[linux-lvm] new LVM2 feature?

Peter W. Morreale pmorreale at novell.com
Wed Oct 17 15:50:22 UTC 2007


Hello all,

I'm wondering whether there is interest (or development :-) on a new
feature for LVM2. I did look through the wiki and it doesn't appear that
this idea is on the roadmap, save for the "Stacking LVs" listed on the
roadmap page.  However there is no discussion AFAIK about stacking.

The idea is COW LV stacking below a primary LV.  The intent is to allow
a number of 'users' the ability to share a common dataset, and
independently save their changes to to a 'private' LV.    

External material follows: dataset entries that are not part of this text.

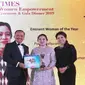 Menko PMK Puan Maharani dianugerahi penghargaan tertinggi dari Majalah Her Times. (Dok Kementerian Koordinator Bidang Pembangunan Manusia dan Kebudayaan)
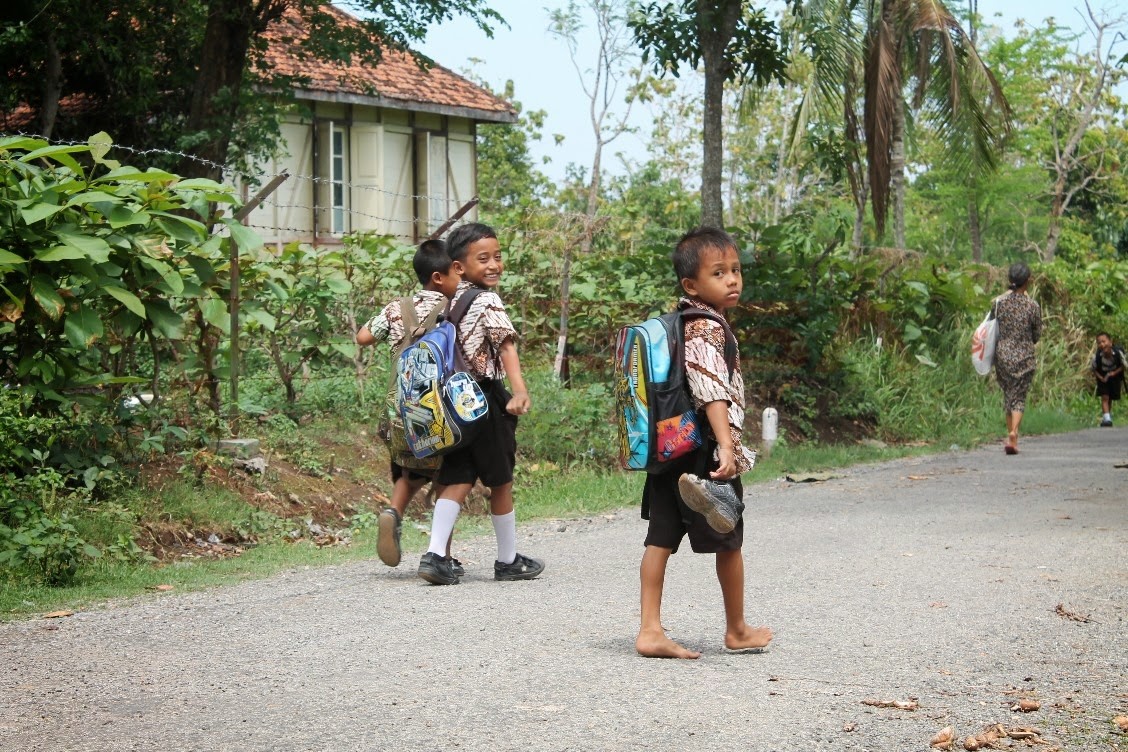 Detail Gambar Anak Pedesaan Putus Sekolah Nomer 12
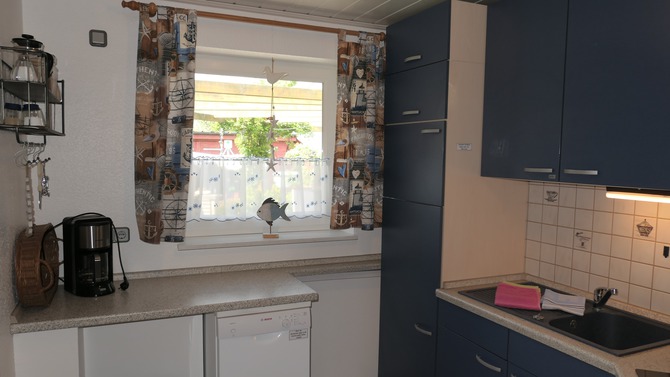 Ferienwohnung in Fehmarn OT Landkirchen - Haus am Feld - K&uuml;che m Sp&uuml;lmaschine u Blick zur eigenen Terrasse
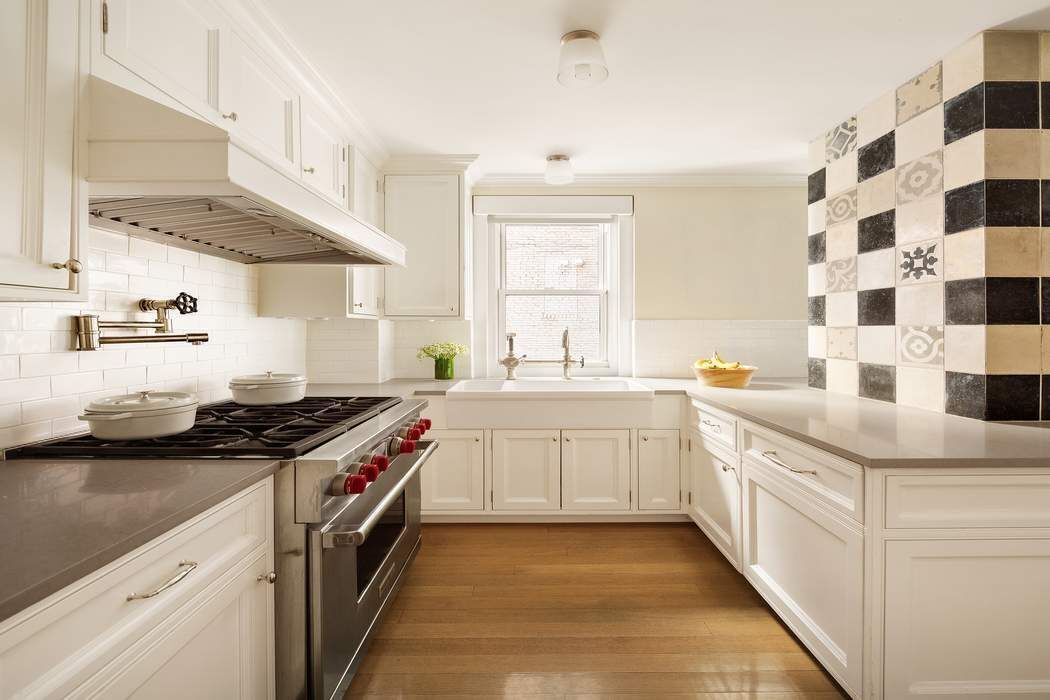 940 Park Avenue 11A Upper East Side New York NY 10028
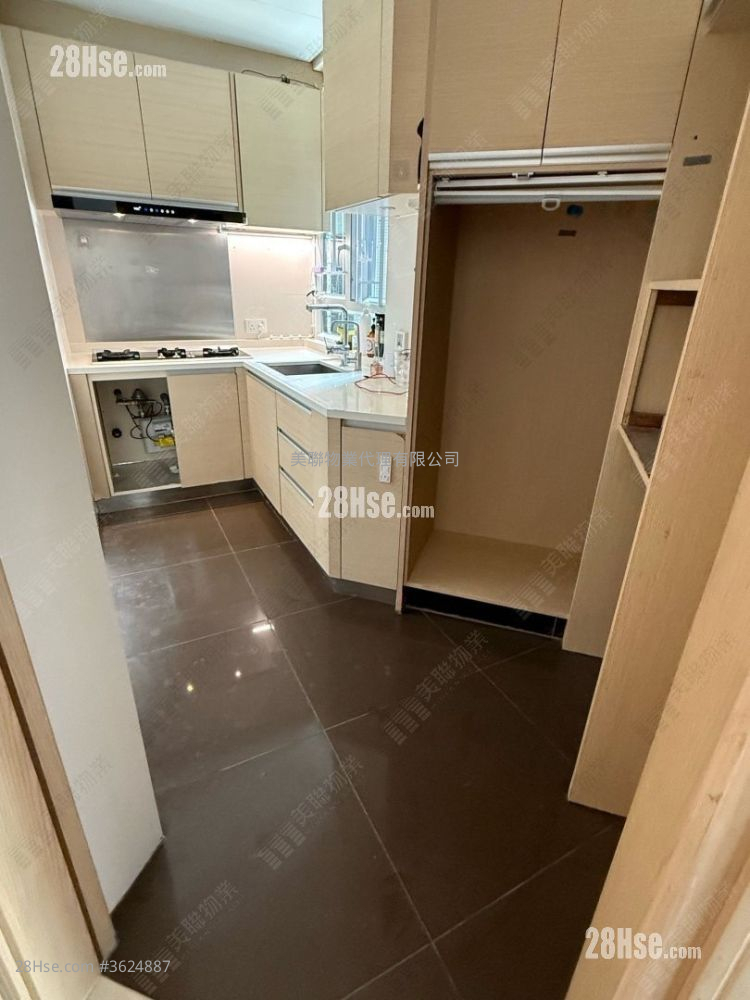 现崇山 售盘 2 房 570 平方尺 ( 53.0 平方米 ) 现崇山 售盘 2 房 570 平方尺 ( 53.0 平方米 )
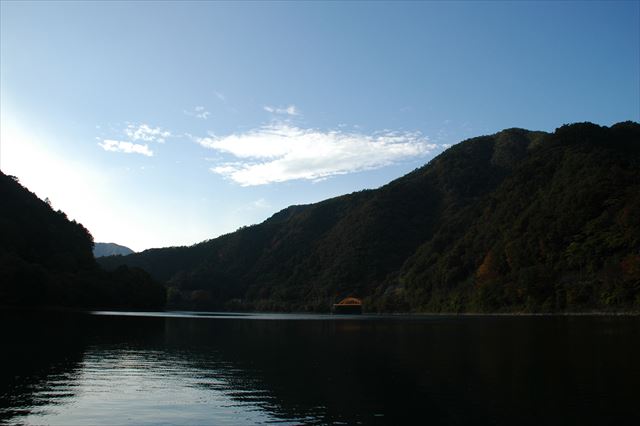 山 湖 青空 雲 きれい 美しい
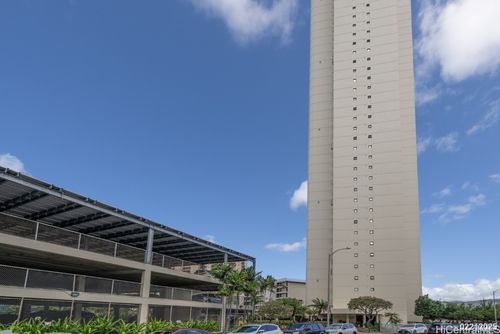 39b-990 Ala Nanala Street, Honolulu, HI, 96818 | Card Image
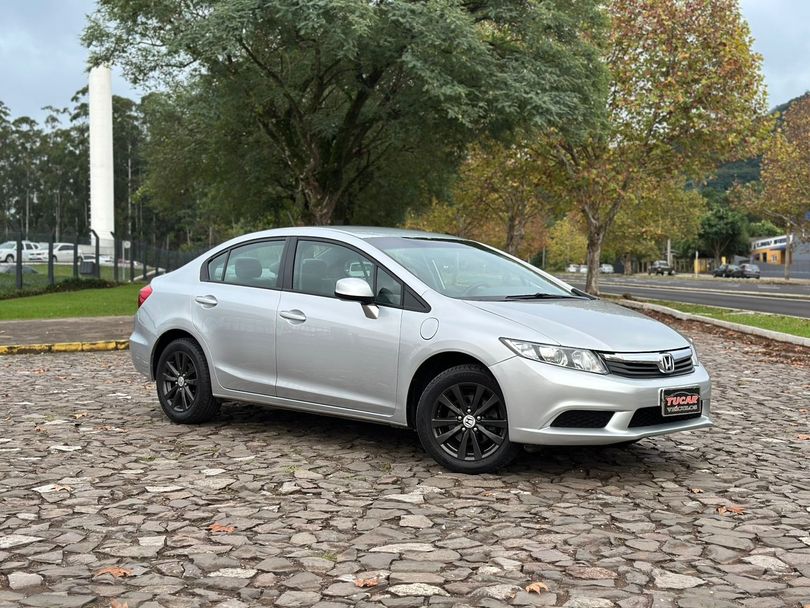 Honda Civic Sedan LXS 1.8/1.8 Flex 16V Aut. 4p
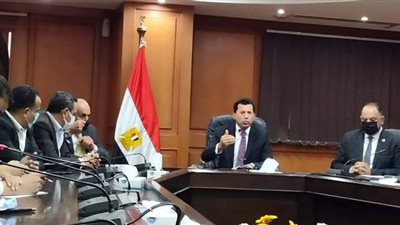 قبل الإعلان الرسمي.. وزير الرياضة يجتمع بلجنة الزمالك الجديدة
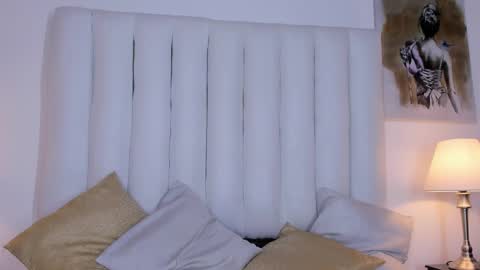 Snapshot of violet_queen2 chatting on 12-17-25, 06:36 Mary online show from 12-17-25, 06:36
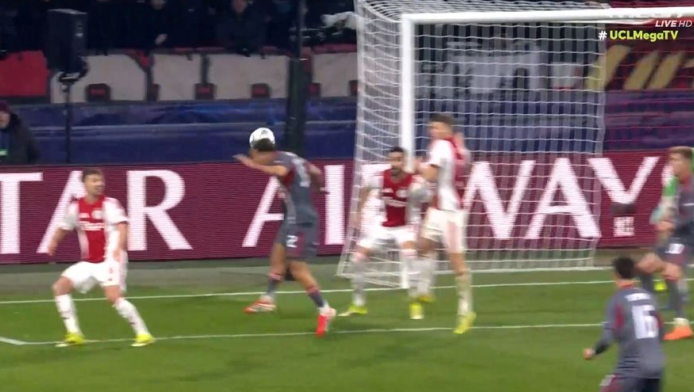 Βάζει... φωτιά ο Έσε! Γκολ πρόκρισης στο Άμστερνταμ (vid)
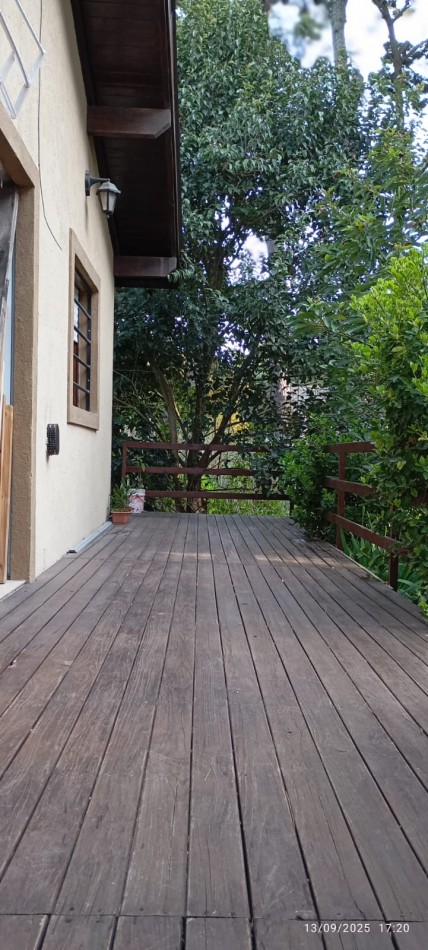 Se vende casa en Valeria del Mar con dos departamentos para renta
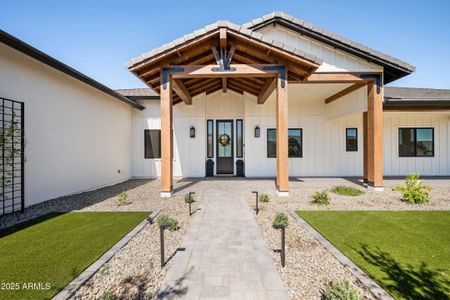 New construction Single-Family house 1650 W Lucky Ln, Queen Creek, AZ 85144 - image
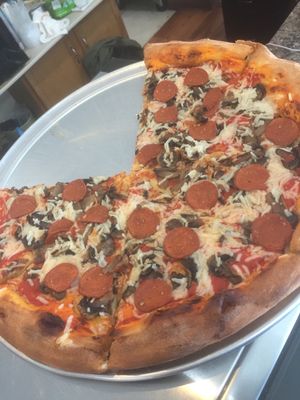 Pepperoni and mushroom pizza at Fortuitea Cafe and Bakery in Washington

On to the requisite bad ascii drawing:

   lv-1      lv-2      lv-[n]
     \         |        /
      \        |       /
       \       |      /
         shared ro lv
        /      |      \
       /       |       \
      /        |        \
     /         |         \
  cow_lv-1  cow_lv-2    cow_lv3

So, any changed blocks sent to "lv-1" are routed to "cow_lv-1", and
changed blocks sent to "lv-2" are routed to "cow_lv-2", etc.  The
simple, but as yet to-be-determined algorithm for reads is: if the block
'exists' in the cow, return the cow version, else return the shared
version. 

Changes from independent paths are saved to independent volumes.   From
there I can decide to destroy the COW LV, or perhaps merge it with the
shared LV to create a new "shared LV" for creation of a new set.  

Is there any interest in such a feature?  

Has this already been considered and perhaps dropped? 

Is this consistent (and/or possible) with the architecture of LVM2?

What are the source changes I need to make?  That was humor.